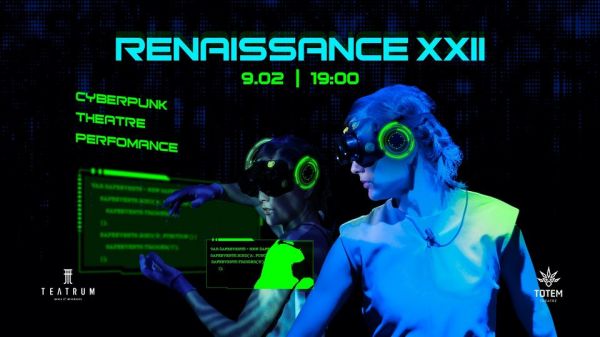 Renaissance XXII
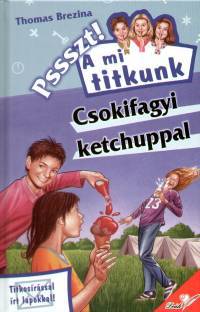 Csokifagyi ketchuppal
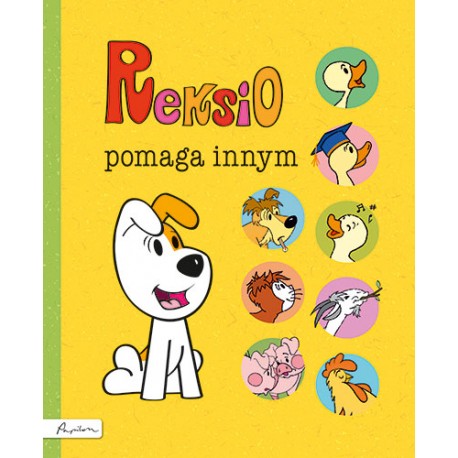 Reksio pomaga innym Maria Szarf motyleksiazkowe.pl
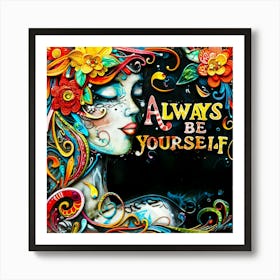 Always Be Yourself 2 Art Print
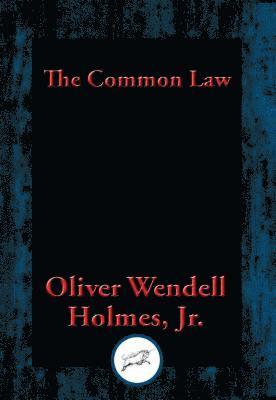 Oliver   Wendell Holmes - Common Law, E-bok
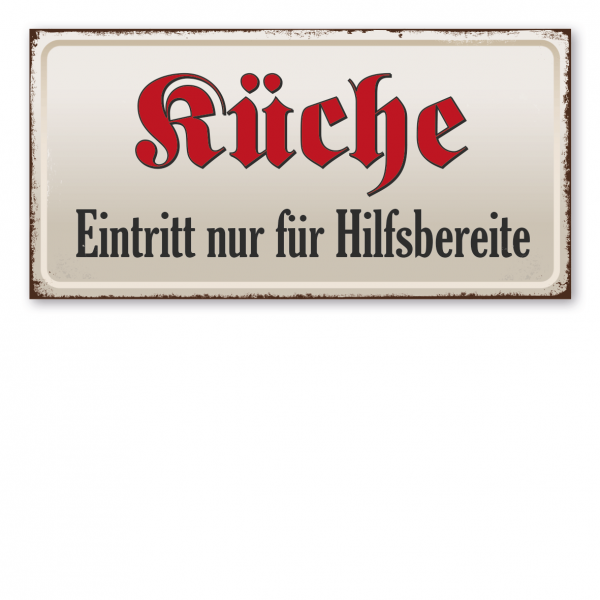 Retroschild / Vintage-Küchenschild Küche - Eintritt nur für Hilfsbereite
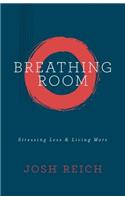 Breathing Room: Stressing Less & Living More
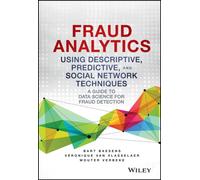 Fraud Analytics Using Descriptive, Predictive, and Social Network Techniques : A Guide to Data Science for Fraud Detection
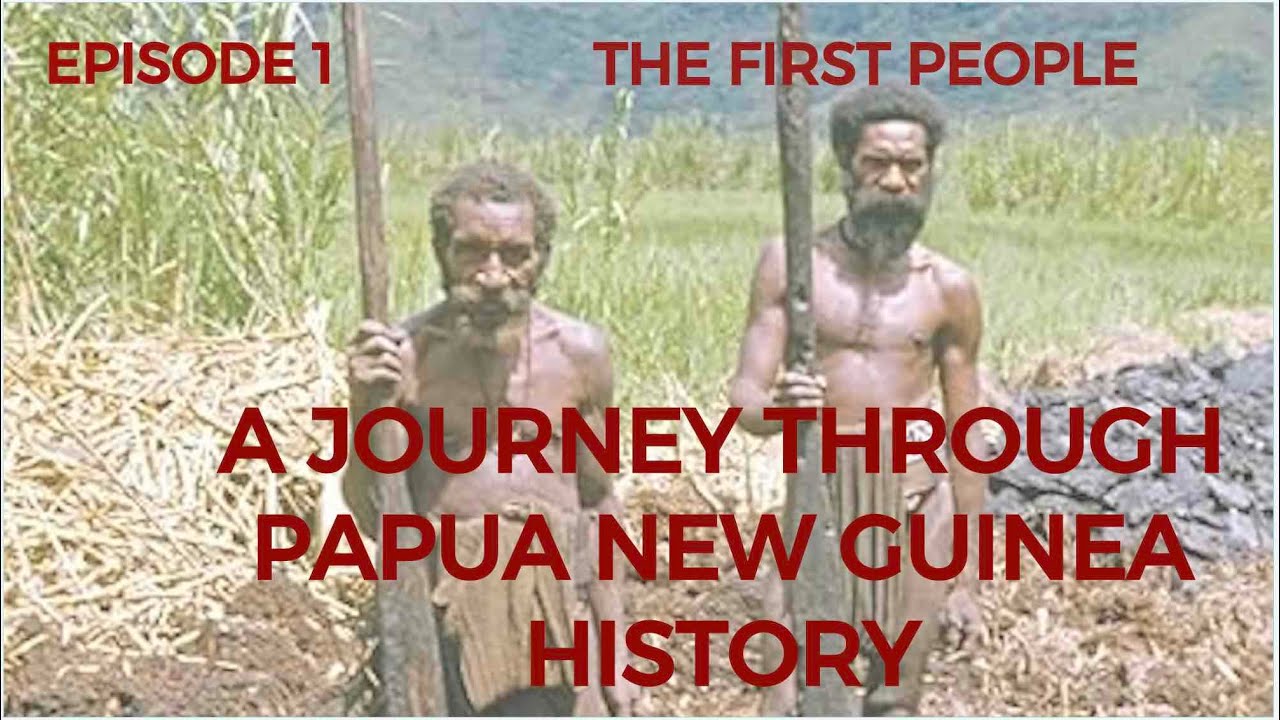 EPISODE 1: A Journey Through Papua New Guinea History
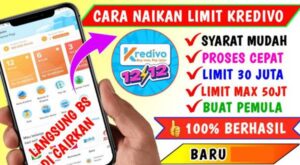 Cara Menaikkan Limit Kredivo Cepat dan Aman, Dijamin Berhasil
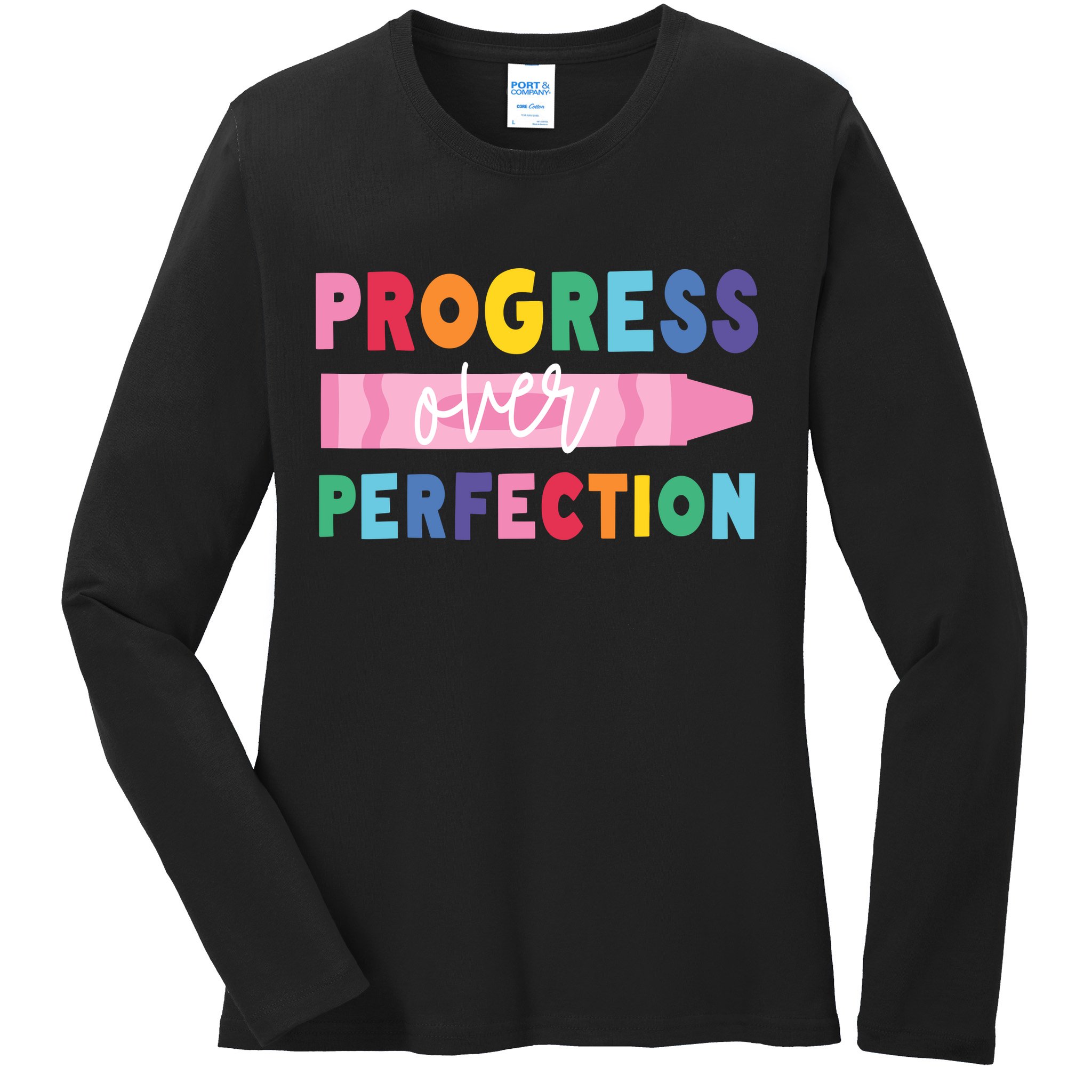 Progress Over Perfection Funny Motivational Teacher School Ladies Long Sleeve Shirt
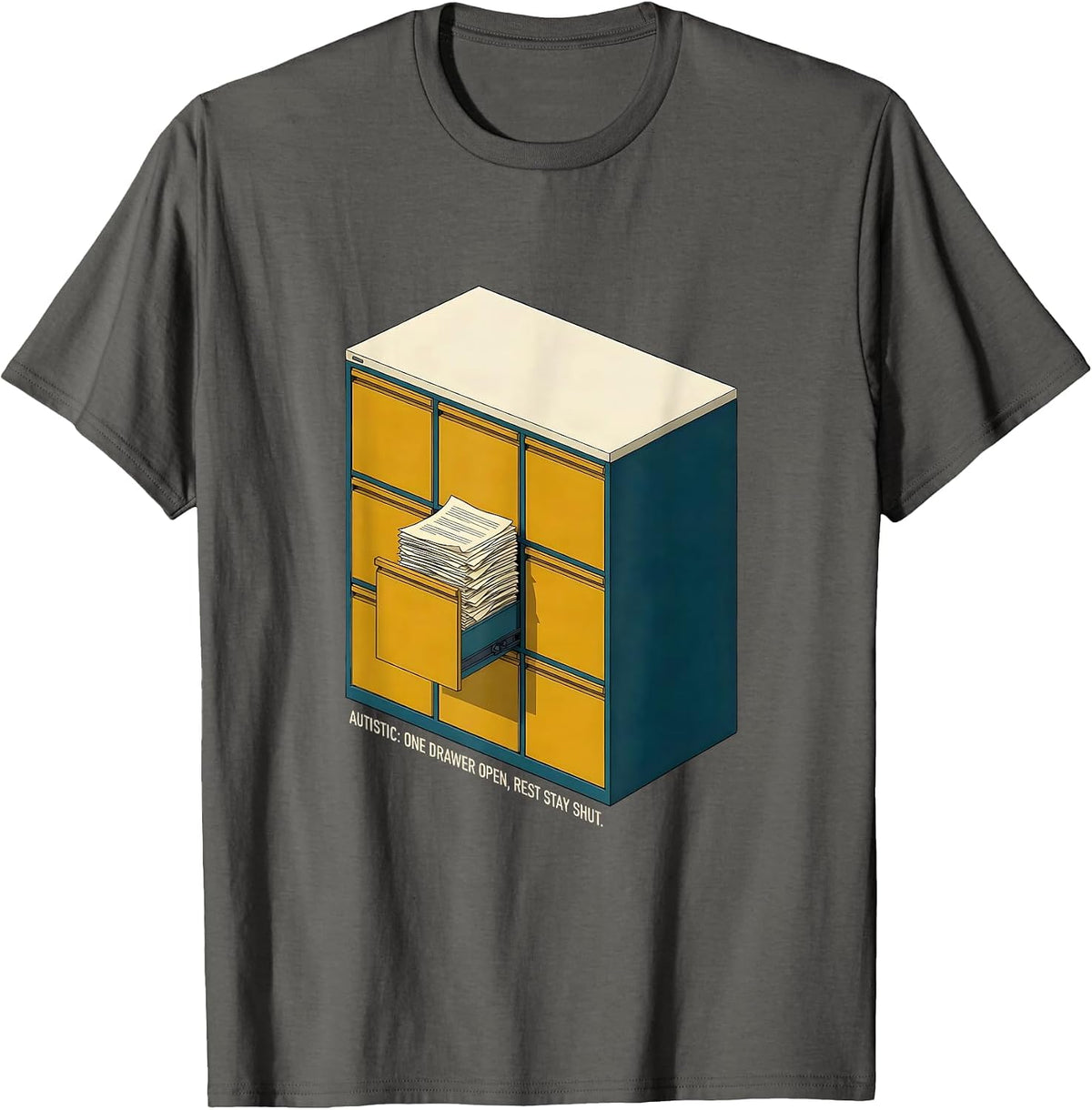 Men's Autistic: One Drawer Open, Rest Stay Shut Funny T-Shirt - Asphalt Grey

════════

• What this task involves
Produce an exact copy of the lines from the line containing "EPISODE 1: A" to the end of the material, both ends included, and omit every picture.

• Response area
 EPISODE 1: A Journey Through Papua New Guinea History
 Cara Menaikkan Limit Kredivo Cepat dan Aman, Dijamin Berhasil
 Progress Over Perfection Funny Motivational Teacher School Ladies Long Sleeve Shirt
 Men's Autistic: One Drawer Open, Rest Stay Shut Funny T-Shirt - Asphalt Grey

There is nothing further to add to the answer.